In all the examples shown so far, we have ignored the confounding of Phi(4) and p(5), i.e., only the product Phi(4)p(5) can be estimated.  We could eliminate p(5) by changing the parameter matrices, e.g., changing all the occurrences of parameter 8 to parameter 4.  However, another approach is to use the design matrix to make parameter 4 and parameter 8 equal, as is done in the following design matrix.  I started with an identity design matrix.

  1  0  0  0  0  0  0 
  0  1  0  0  0  0  0 
  0  0  1  0  0  0  0 
  0  0  0  1  0  0  0 
  0  0  0  0  1  0  0 
  0  0  0  0  0  1  0 
  0  0  0  0  0  0  1 
  0  0  0  1  0  0  0 

This design matrix only has 7 columns, but still 8 rows (because there are 8 parameters).  Note that column 4 corresponds to both parameter 4 (row 4) and parameter 8 (row 8).  Row 4 and row 8 are identical, making parameters 4 and 8 identical.

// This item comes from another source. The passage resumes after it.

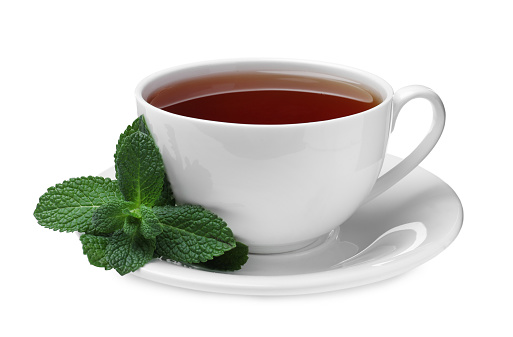 Cup of aromatic black tea with fresh mint on white background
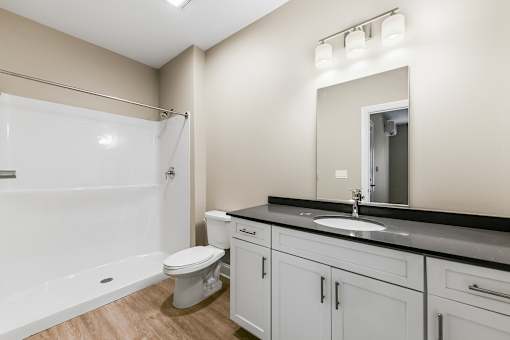 a bathroom with a sink and a toilet and a window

More advanced examples of the design matrix are shown in Design Matrix Advanced and Design Matrix Advanced 2.

Values in the design matrix should be scaled to achieve numerical convergence of the estimates.

Functions of the values in the design matrix can also be computed to create interactions.  The link function can be used to impose constraints on the range of the real parameters, and even force a set of them to sum to 1, or force a montonic increasing relationship in a set of real parameters.